Sunday Snippet: Finding Happiness
As camp directors at WeHaKee Camp for Girls, we often see campers that struggle with being happy when they first arrive at camp. Their bags are filled not only with shorts, flip flops, and swimsuits but with the pressures from their school and home communities to be someone other than who they may want to be. However, in the accepting camp environment, they soon begin to let go of those pressures and explore their real selves. That is when we begin to see them experience true contentment, pleasure, and joy. Real happiness is entering their lives!
Huffington Post contributor, Belle Beth Cooper explored the pursuit of happiness and offered several scientifically based steps to achieving happiness in her article 10 Simple Things You Can Do Today That Will Make You Happier, Backed By Science (The Huffington Post, November, 11, 2013). Here are some of the happiness tips she discovered in her examination of the research:
Exercise more – 7 minutes might be enough
So if you thought exercise was something you didn’t have time for, maybe you can fit it in after all. Exercise has such a profound effect on our happiness and well-being that it’s actually been proven to be an effective strategy for overcoming depression.
Sleep more – you’ll be less sensitive to negative emotions
We know that sleep helps our bodies to recover from the day and repair themselves and that it helps us focus and be more productive. It turns out, it’s also important for our happiness.
Negative stimuli get processed by the amygdala; positive or neutral memories get processed by the hippocampus. Sleep deprivation hits the hippocampus harder than the amygdala. The result is that sleep-deprived people fail to recall pleasant memories, yet recall gloomy memories just fine.
Spend time with friends and family – don’t regret it on your deathbed
Staying in touch with friends and family is one of the top five regrets of the dying. Social time is highly valuable when it comes to improving our happiness, even for introverts. Several studies have found that time spent with friends and family makes a big difference in how happy we feel, generally.
Go outside – happiness is maximized at 13.9°C
Making time to go outside on a nice day also delivers a huge advantage; one study found that spending 20 minutes outside in good weather not only boosted positive mood but broadened thinking and improved working memory… Being outdoors… on a warm, sunny weekend afternoon is the perfect spot for most. In fact, participants were found to be substantially happier outdoors in all-natural environments than they were in urban environments.
Help others – 100 hours a year is the magical number
One of the most counterintuitive pieces of advice I found is that to make yourself feel happier, you should help others. In fact, 100 hours per year (or two hours per week) is the optimal time we should dedicate to helping others in order to enrich our lives. …we scientists have found that doing a kindness produces the single most reliable momentary increase in well-being of any exercise we have tested.
Practice smiling – it can alleviate pain
Smiling itself can make us feel better, but it’s more effective when we back it up with positive thoughts. Smiling makes us feel good which also increases our attentional flexibility and our ability to think holistically. When this idea was tested by Johnson et al. (2010), the results showed that participants who smiled performed better on attentional tasks which required seeing the whole forest rather than just the trees.
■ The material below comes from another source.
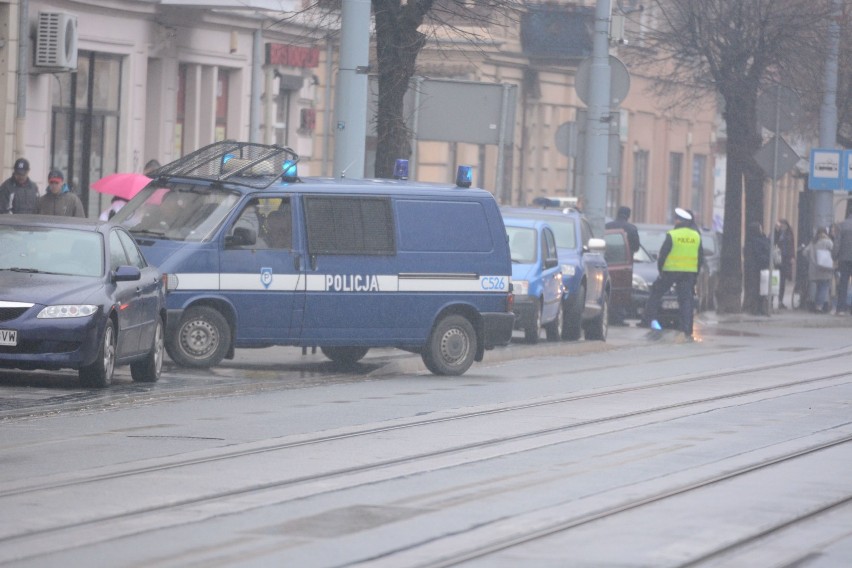 Samochód nie zatrzymał się do policyjnej kontroli. W środku Ormianin i Rosjanin [zdjęcia]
Plan a trip – but don’t take one
As opposed to actually taking a holiday, it seems that planning a vacation or just a break from work can improve our happiness. One study found that people who just thought about watching their favorite movie actually raised their endorphin levels by 27 percent. If you can’t take the time for a vacation right now, or even a night out with friends, put something on the calendar—even if it’s a month or a year down the road. Then whenever you need a boost of happiness, remind yourself about it.
Meditate – rewire your brain for happiness
Meditation is often touted as an important habit for improving focus, clarity, and attention span, as well as helping to keep you calm. It turns out it’s also useful for improving your happiness. Meditation literally clears your mind and calms you down, it’s been often proven to be the single most effective way to live a happier life.
Emotional Cleansing
Our fight/flight mechanism causes us to flee not only from physical difficulties but also from emotional difficulties. Ignoring and burying negative emotions however, only causes them to manifest in stress, anxiety, anger, and insomnia. Strategies to release emotional turbulence include sitting in silence and thinking in detail about what triggered the negative emotion. The key is to do so as an observer — stepping outside of yourself as if you’re reporting for a newspaper. It’s a visualization technique used by psychotherapists to detach a person from their emotions, which allows you to process an experience objectively and rationally. (Belle Beth Cooper, The Huffington Post, November 11, 2013)
It’s amazing to think about how many of these techniques can be found in the camp environment. Exercise, spending time with friends, being outside, helping others, and simply smiling all occur on a regular basis throughout each day at camp. No wonder for many campers when asked to describe their ‘happy place’, they almost always describe camp! Thanks for reading and have a great week!